The Court of First Instance has ruled that it does not have jurisdiction under section 213 of the Securities and Futures Ordinance (Cap. 571) ("SFO") to make a declaration that Tiger Asia Management LLC ("Tiger Asia") engaged in insider trading contrary to section 291(5) of the SFO. The effect of the ruling is that the Securities and Futures Commission ("SFC") cannot seek final orders under section 213 of the SFO, including to impose a trading ban on Tiger Asia or to freeze its assets, without a prior determination by the Market Misconduct Tribunal ("MMT") or the criminal courts. The SFC has indicated that it intends to appeal the decision and therefore, the Court's jurisdiction under section 213 of the SFO may be clarified by the Court of Appeal.
In Securities and Futures Commission v Tiger Asia Management LLC (unrep., HCMP 1502 of 2009, 21 June 2011), the SFC alleged that New York-based hedge fund, Tiger Asia and three of its officers, contravened Hong Kong's insider dealing laws.

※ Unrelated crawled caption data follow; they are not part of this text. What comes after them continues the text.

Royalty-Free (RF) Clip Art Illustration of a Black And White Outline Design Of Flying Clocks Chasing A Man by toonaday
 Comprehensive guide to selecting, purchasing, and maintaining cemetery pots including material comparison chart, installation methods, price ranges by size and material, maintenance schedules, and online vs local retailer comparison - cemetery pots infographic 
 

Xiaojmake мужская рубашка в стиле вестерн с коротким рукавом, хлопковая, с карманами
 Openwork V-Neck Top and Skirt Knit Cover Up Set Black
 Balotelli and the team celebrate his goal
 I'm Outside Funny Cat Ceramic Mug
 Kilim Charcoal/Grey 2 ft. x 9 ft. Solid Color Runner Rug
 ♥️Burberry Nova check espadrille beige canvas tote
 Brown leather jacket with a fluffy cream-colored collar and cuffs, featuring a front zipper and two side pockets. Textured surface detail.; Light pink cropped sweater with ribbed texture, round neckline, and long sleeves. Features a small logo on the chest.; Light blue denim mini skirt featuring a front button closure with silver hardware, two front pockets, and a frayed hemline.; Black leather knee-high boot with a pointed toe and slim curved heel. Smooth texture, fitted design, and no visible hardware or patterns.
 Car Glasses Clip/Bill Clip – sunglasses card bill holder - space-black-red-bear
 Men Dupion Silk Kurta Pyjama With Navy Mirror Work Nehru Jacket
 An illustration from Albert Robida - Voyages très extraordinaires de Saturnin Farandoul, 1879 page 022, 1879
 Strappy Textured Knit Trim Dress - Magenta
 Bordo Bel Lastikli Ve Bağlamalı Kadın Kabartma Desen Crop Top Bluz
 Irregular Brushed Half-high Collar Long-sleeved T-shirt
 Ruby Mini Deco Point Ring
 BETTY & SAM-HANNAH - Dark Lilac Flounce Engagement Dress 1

In particular, the Commission alleged that Tiger Asia short sold shares in China Construction Bank and Bank of China whilst in possession of confidential and price sensitive information in relation to the placements of shares in the two Hong Kong-listed banks.
The SFC sought final orders including to freeze Tiger Asia's assets and to ban the fund from trading in Hong Kong-listed securities under section 213 of Part X of the SFO. Relief under the section is available "[w]here a person has contravened any of the relevant provisions…" or "[w]here it appears… to the Commission that any of the matters [including where a person has contravened any of the relevant provisions] has occurred, is occurring or may occur…" (sections 213(1)(a)(i)(A) and 213(1)(b) of the SFO). The SFC therefore sought a determination by the Court under section 213 of the SFO on whether or not the Defendants had contravened the insider trading provision, namely, section 291(5) of the SFO. The Defendants contended that the Court of First Instance did not have jurisdiction under section 213 of the SFO to so determine. Rather, the matter has to be determined either by the MMT under Part XIII of the SFO or by a court of competent criminal jurisdiction under Part XIV of the SFO.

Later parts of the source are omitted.